Directions
Transcribe, with complete accuracy, all of the entries below except for the pictures.

[[ Source data open ]]

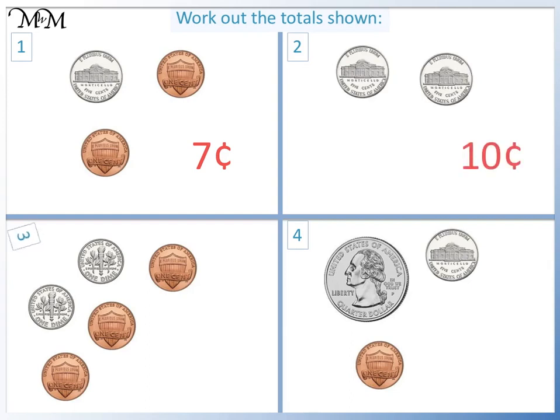Question three: we have one dime, which is ten cents, plus another ten cents, which equals twenty cents, plus one cent equals twenty-one, plus another cent equals twenty-two, plus another cent equals twenty-three cents.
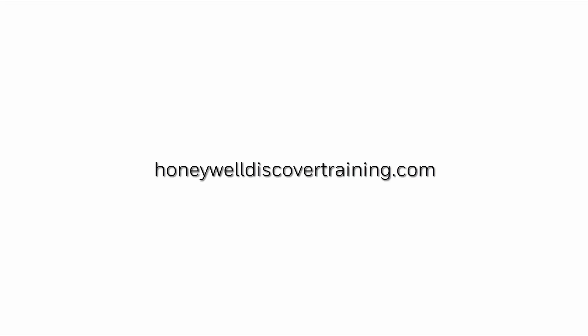For more information and videos, visit our web page HoneywellDiscoveryTraining.com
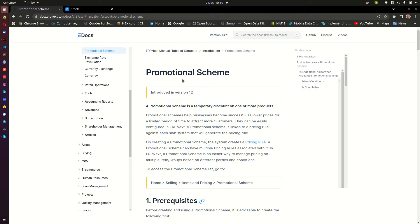The first type is where you offer a promotional scheme in terms of money — so you give your customers a discount. For instance, if someone buys items worth a thousand shillings, or dollars, or whatever the currency, you give them a discount of maybe 10%, or a discount that can be a percentage or a fixed value.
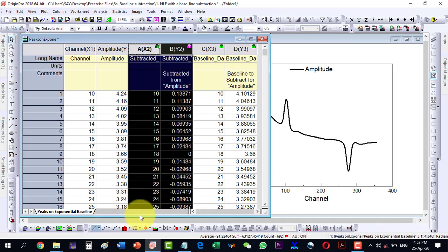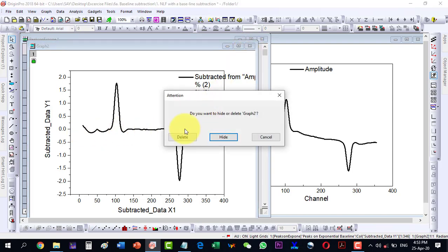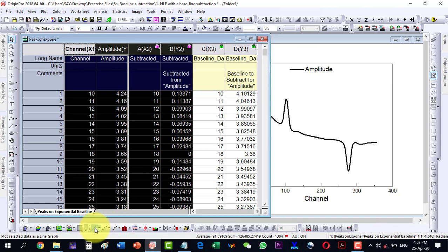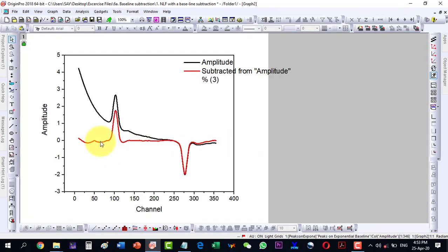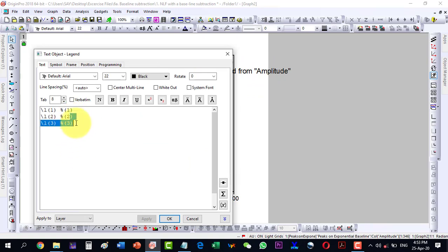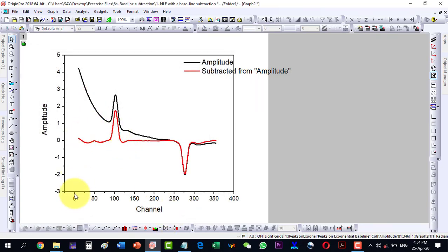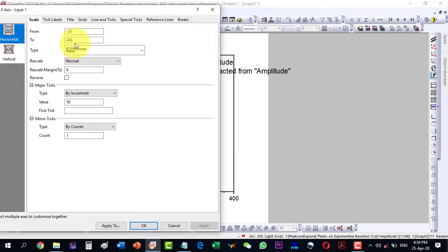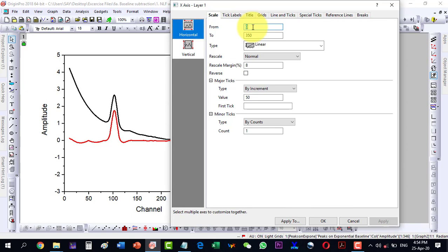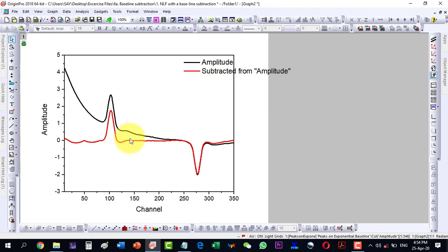In the previous method we manually subtracted one column from another, but here it is done automatically. We can plot both the actual plot and the baseline-corrected plot to compare them. After adjusting the legend and the axis range from 0 to 350, we have our final baseline-corrected plot. This is how we can perform baseline correction. Thank you for watching.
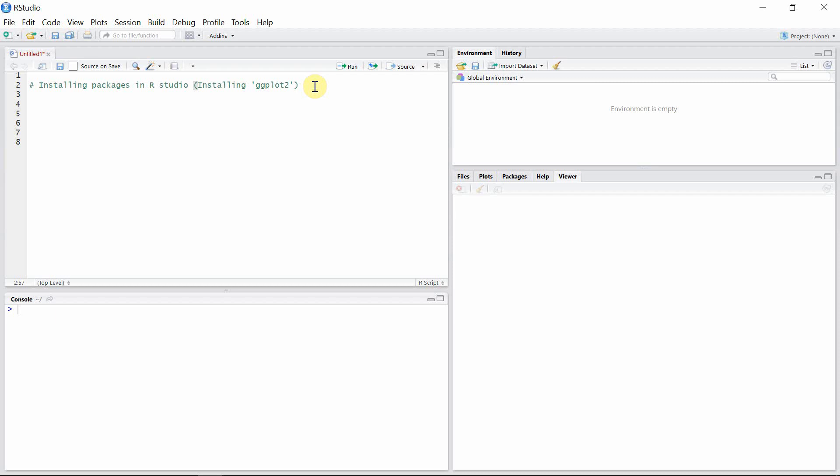Hello guys, welcome to the R programming library. In this video I'm going to talk about how to install different packages in R using RStudio. R packages are the units of reproducible and reusable R code which are built to carry out certain statistical analyses.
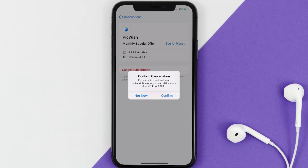The great thing is you can carry on using the app until the subscription date was originally due. Also, deleting the PickWish app or your PickWish account will not cancel your subscription, and subscriptions renew automatically unless you cancel your subscription manually on your own.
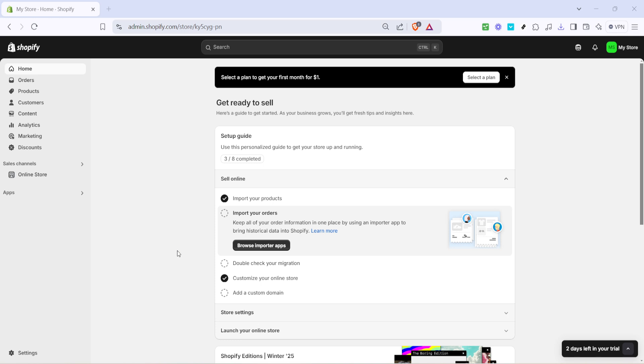To begin, you'll want to navigate to the homepage of Shopify after logging into your account. It's where you manage everything related to your store.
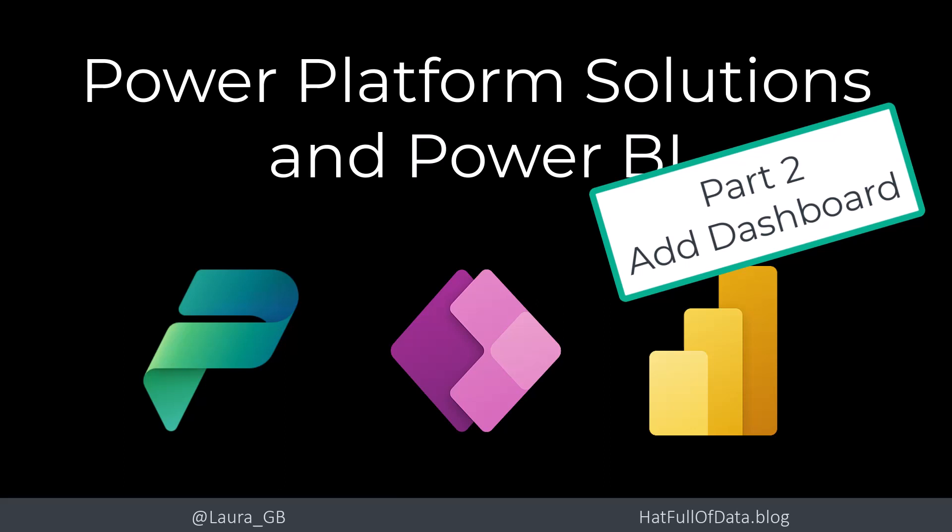Hi, this is Laura GP and welcome to part 2 in my Power Platform Solution and Power BI Series. In part 1, we added our dataset and report to the solution.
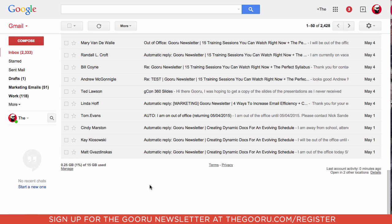For those of you that are using Google Apps Unlimited, this wouldn't be such an issue, but knowing how to do these searches can still be very helpful for anybody, no matter what version of Google Apps they're using. As you can see here, I've only used up 1% of the 15 gigabytes allotted to me, but it's still nice to know for those who have used up a much larger percentage of their inbox allotment, to be able to find which emails are taking up the most space.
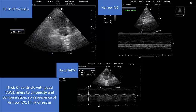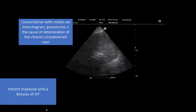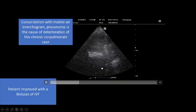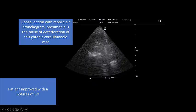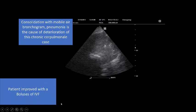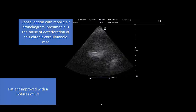This is typical chronic cor pulmonale. Our patient has morbid obesity with obstructive sleep apnea, which has been causing cor pulmonale for a long time. A thick right ventricular wall with good TAPSE refers to cor pulmonale with compensation. With a narrow inferior vena cava, we should think of another cause of hypoxia and hypotension — and sepsis is a very important consideration. When we went to the lung, we found very bad pneumonia with consolidation showing mobile air bronchogram. Pneumonia was the cause of deterioration in this chronic cor pulmonale case, and the patient improved with IV fluids.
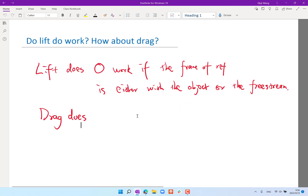Having reviewed conservation of mass and momentum, we now look at drag, which involves not just conservation of mass and momentum but also conservation of energy. Using energy to analyze drag is very convenient because unlike lift — which does zero work regardless of whether you choose the frame of reference of the solid object or the free stream — drag always does work. No matter your frame of reference, drag does work on the flying object.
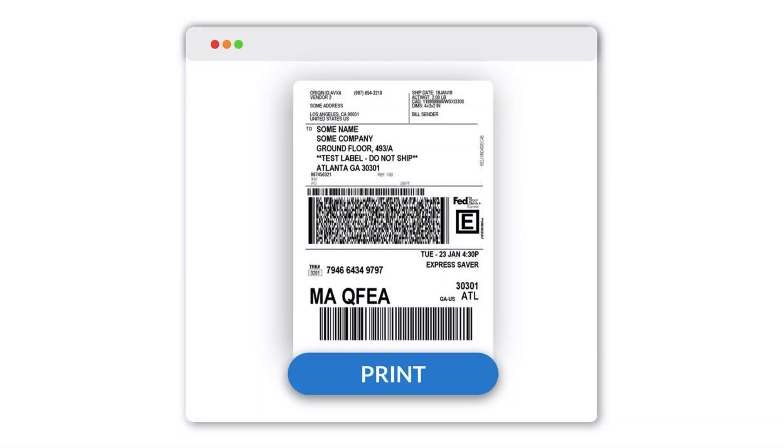Before we begin, refer to this video in the i button to learn how to print FedEx labels in Shopify.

[[ Source data closed ]]

Your response
Question three: we have one dime, which is ten cents, plus another ten cents, which equals twenty cents, plus one cent equals twenty-one, plus another cent equals twenty-two, plus another cent equals twenty-three cents.
For more information and videos, visit our web page HoneywellDiscoveryTraining.com
The first type is where you offer a promotional scheme in terms of money — so you give your customers a discount. For instance, if someone buys items worth a thousand shillings, or dollars, or whatever the currency, you give them a discount of maybe 10%, or a discount that can be a percentage or a fixed value.
In the previous method we manually subtracted one column from another, but here it is done automatically. We can plot both the actual plot and the baseline-corrected plot to compare them. After adjusting the legend and the axis range from 0 to 350, we have our final baseline-corrected plot. This is how we can perform baseline correction. Thank you for watching.
Hello guys, welcome to the R programming library. In this video I'm going to talk about how to install different packages in R using RStudio. R packages are the units of reproducible and reusable R code which are built to carry out certain statistical analyses.
The great thing is you can carry on using the app until the subscription date was originally due. Also, deleting the PickWish app or your PickWish account will not cancel your subscription, and subscriptions renew automatically unless you cancel your subscription manually on your own.
To begin, you'll want to navigate to the homepage of Shopify after logging into your account. It's where you manage everything related to your store.
Hi, this is Laura GP and welcome to part 2 in my Power Platform Solution and Power BI Series. In part 1, we added our dataset and report to the solution.
For those of you that are using Google Apps Unlimited, this wouldn't be such an issue, but knowing how to do these searches can still be very helpful for anybody, no matter what version of Google Apps they're using. As you can see here, I've only used up 1% of the 15 gigabytes allotted to me, but it's still nice to know for those who have used up a much larger percentage of their inbox allotment, to be able to find which emails are taking up the most space.
This is typical chronic cor pulmonale. Our patient has morbid obesity with obstructive sleep apnea, which has been causing cor pulmonale for a long time. A thick right ventricular wall with good TAPSE refers to cor pulmonale with compensation. With a narrow inferior vena cava, we should think of another cause of hypoxia and hypotension — and sepsis is a very important consideration. When we went to the lung, we found very bad pneumonia with consolidation showing mobile air bronchogram. Pneumonia was the cause of deterioration in this chronic cor pulmonale case, and the patient improved with IV fluids.
Having reviewed conservation of mass and momentum, we now look at drag, which involves not just conservation of mass and momentum but also conservation of energy. Using energy to analyze drag is very convenient because unlike lift — which does zero work regardless of whether you choose the frame of reference of the solid object or the free stream — drag always does work. No matter your frame of reference, drag does work on the flying object.
Before we begin, refer to this video in the i button to learn how to print FedEx labels in Shopify.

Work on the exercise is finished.